Noninteracting trapped fermions : from random matrices to the Kardar-Parisi-Zhang equation

Jeudi 16 novembre 14:00-15:00 - Grégory Schehr - Université Paris-Sud

Résumé : I will consider a system of N one-dimensional free fermions confined by a harmonic well. At zero temperature (T=0), this system is intimately connected to random matrices belonging to the Gaussian Unitary Ensemble. In particular, the density of fermions has, for large N, a finite support and it is given by the Wigner semi-circular law. Besides, close to the edges of the support, the quantum fluctuations are described by the so-called Airy-Kernel (which plays an important role in random matrix theory).

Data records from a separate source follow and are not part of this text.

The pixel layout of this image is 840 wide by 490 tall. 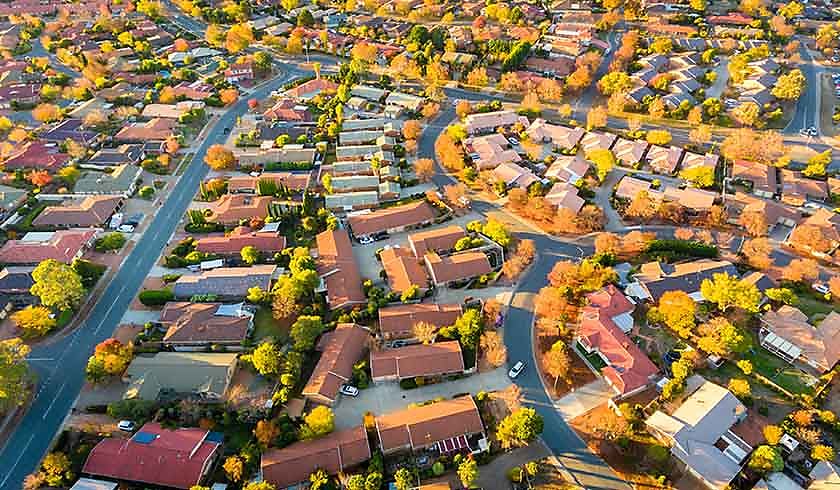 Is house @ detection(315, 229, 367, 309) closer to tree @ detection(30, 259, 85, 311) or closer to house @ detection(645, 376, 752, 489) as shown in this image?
tree @ detection(30, 259, 85, 311)

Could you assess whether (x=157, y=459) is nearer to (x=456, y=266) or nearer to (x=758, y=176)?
(x=456, y=266)

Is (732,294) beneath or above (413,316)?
above

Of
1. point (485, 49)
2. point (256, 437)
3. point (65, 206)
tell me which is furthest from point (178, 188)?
point (485, 49)

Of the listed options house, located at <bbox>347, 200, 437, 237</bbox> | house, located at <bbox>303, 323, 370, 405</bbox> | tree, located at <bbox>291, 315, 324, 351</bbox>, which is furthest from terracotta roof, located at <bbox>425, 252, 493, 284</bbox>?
tree, located at <bbox>291, 315, 324, 351</bbox>

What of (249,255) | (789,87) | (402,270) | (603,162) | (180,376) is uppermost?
(789,87)

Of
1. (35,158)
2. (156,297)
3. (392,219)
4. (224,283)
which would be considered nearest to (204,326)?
(224,283)

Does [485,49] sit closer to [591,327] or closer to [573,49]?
[573,49] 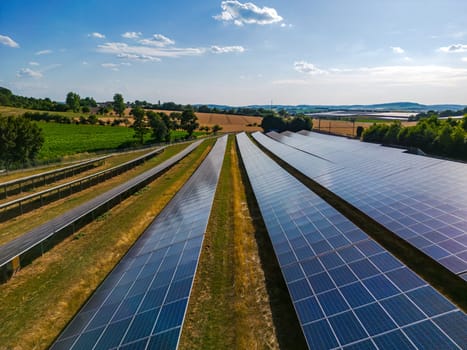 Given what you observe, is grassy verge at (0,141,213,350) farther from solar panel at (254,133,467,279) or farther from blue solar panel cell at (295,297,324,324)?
solar panel at (254,133,467,279)

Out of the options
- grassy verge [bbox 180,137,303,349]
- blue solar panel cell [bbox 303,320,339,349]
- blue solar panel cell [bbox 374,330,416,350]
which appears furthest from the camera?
grassy verge [bbox 180,137,303,349]

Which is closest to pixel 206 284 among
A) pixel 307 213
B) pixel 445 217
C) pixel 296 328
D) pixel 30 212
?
pixel 296 328

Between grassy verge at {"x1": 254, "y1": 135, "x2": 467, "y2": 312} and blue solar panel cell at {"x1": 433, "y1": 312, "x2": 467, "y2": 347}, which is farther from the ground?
blue solar panel cell at {"x1": 433, "y1": 312, "x2": 467, "y2": 347}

What happens at finite temperature T ? I will show that at finite but low temperature, the fluctuations close to the edge, are described by a generalization of the Airy kernel, which depends continuously on temperature. Remarkably, exactly the same kernel arises in the exact solution of the Kardar-Parisi-Zhang (KPZ) equation in 1+1 dimensions at finite time. I will also discuss extensions of these results to fermions in higher dimensions.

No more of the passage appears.